Donkey’s cockpit is further improving with the addition of a Ka-50 Autopilot panel with LEDS to display their status.
The project is based on the usual firmware I usually use as base (you can find it in the Download page) that provides the necessary code to control a button matrix and rotary encoders. From there, I expanded it to include DCS-BIOS.
DCS-BIOS allows Arduino to retrieve the status of the in-game cockpit, and the obtained variables can be used in a number of ways. For instance, I used DCS-BIOS for my Ka-50 TFT; a fellow pilot from the 132nd is using it to build an A-10C cockpit.
Why both HID and DCS-BIOS?
That’s a good question. DCS-BIOS can both receive and send commands to DCS so why bother using a more expensive board (Arduino Uno, for instance, is cheaper than Leonardo) and two means of sending data to the PC? Simple answer: flexibility.
HID means that the panel can be used with any game and DCS module. The LEDs won’t work but the buttons will do. Also, more modules can be supported by DCS-BIOS at the same time with a bit of black magic (as some friends call “coding” 🙂 ). Therefore, for instance, the LEDs can represent the status of the flaps in the F/A-18C then, by changing slots and without even leaving the mission or server, they can immediately work as the Autopilots in the Ka-50. Thanks to HID, the buttons can be assigned to any function of DCS rapidly and hassle-free.
The Project
This panel uses an Arduino Leonardo, as usual based on ATmega32U4. The wiring diagram is extremely simple and similar to other previous projects you can find in my Articles page.
The button matrix is 3×2 in order to control 5 pushbuttons. Each button has an integrated 5V LED, powered and controlled by the board.
This is a sketch of the wiring diagram. For ease of drawing, some busses look like as if they were parallel but they are actually series.
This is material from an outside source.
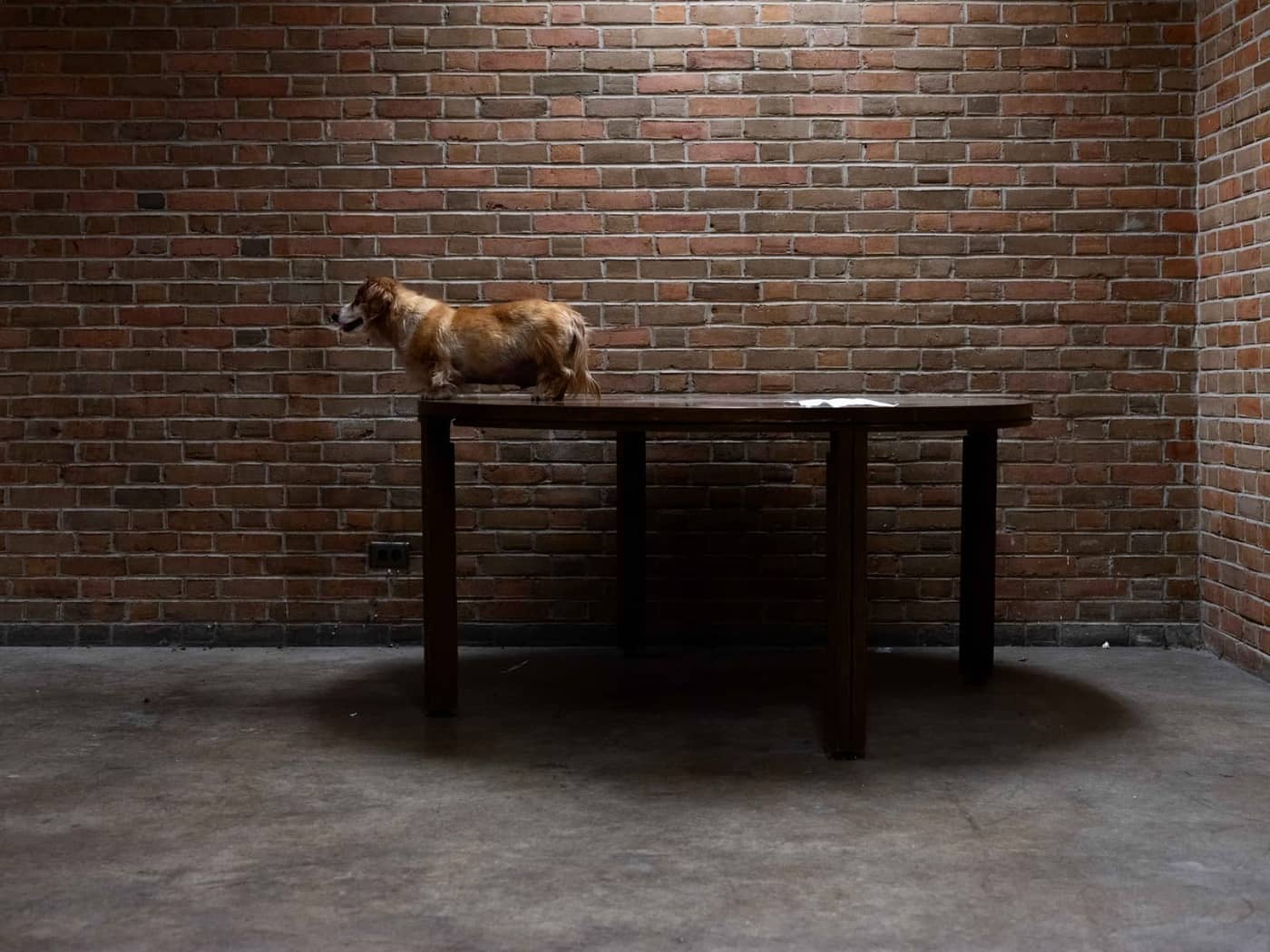 Bucky Miller - Photo 3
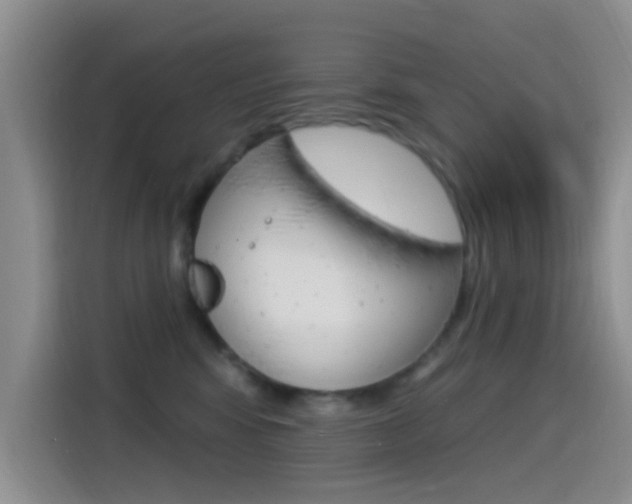 X0000115520424200911061027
You can find more details about how the button matrix work in my step-by-step guide.
Resistor are not represented in the diagram but Donkey has used 220Ω resistors in series with the diodes.
Light-Emitting Diodes (LED)
Donkey is using 5V LEDs for this project and they will be powered directly by the board. For more complex project an external power source is recommended.
There are infinite tutorials about how to use LEDs with Arduino so I leave it to Google. The point I want to stress though is that LEDs may look symmetrical, but there are not! LEDs have anode and cathode and the polarity must be respected in order to avoid potential damage to the LED and the board.
Take a look at this diagram from Arduino’s website:
Do you see the LED? It’s not symmetrical, there is a protuberance on one side. Look at the inside of the LED, again, it’s not symmetrical. Lastly, one “leg” is usually longer than the other and it’s usually represented as bent. All these three features indicate how the LED should be connected: as a rule of thumb, the part with more features indicates the “+” or anode, less features indicate the “-” or cathode. I know, this is another of my silly rules to remember things like CCRP/CCIP in the RIO seat but hey, usually they work 🙂
Coding with DCS-BIOS. First steps
Installing DCS-BIOS and including the necessary libraries is easy and well explained in the dev guide therefore I am not covering this topic.
To start developing with DCS-BIOS we need to include its library first:
#include "DcsBios.h"
Then add in loop and setup:
void setup(){
DcsBios::setup();
/*[..]*/
}
void loop() {
DcsBios::loop();
/*[..]*/
}
These two methods initialize and update DCS-BIOS. DCS-BIOS doesn’t work (the source will not even compile) or fails to update if any of these parts is missing.
Almost done! IRQ vs DEFAULT
We have to define if Arduino is either using IRQ or DEFAULT serial. From the User Guide:
Before including DcsBios.h, you have to define a preprocessor macro that tells the DCS-BIOS Arduino Library what mode it should operate in. If you are using an Arduino board that has either an ATMega328 or an ATMega2560 chip, such as the Uno, Pro Mini, Nano or Mega 2650 boards, use DCSBIOS_IRQ_SERIAL. If your board has a different microcontroller, you can use DCSBIOS_DEFAULT_SERIAL instead, which should work with any Arduino-compatible board but can cause problems if your sketch spends a long time updating outputs, either because you are outputting to something “slow” like displays or you are using a lot of outputs (such as trying to run a Caution Lights Panel with 48 instances of DcsBios::LED).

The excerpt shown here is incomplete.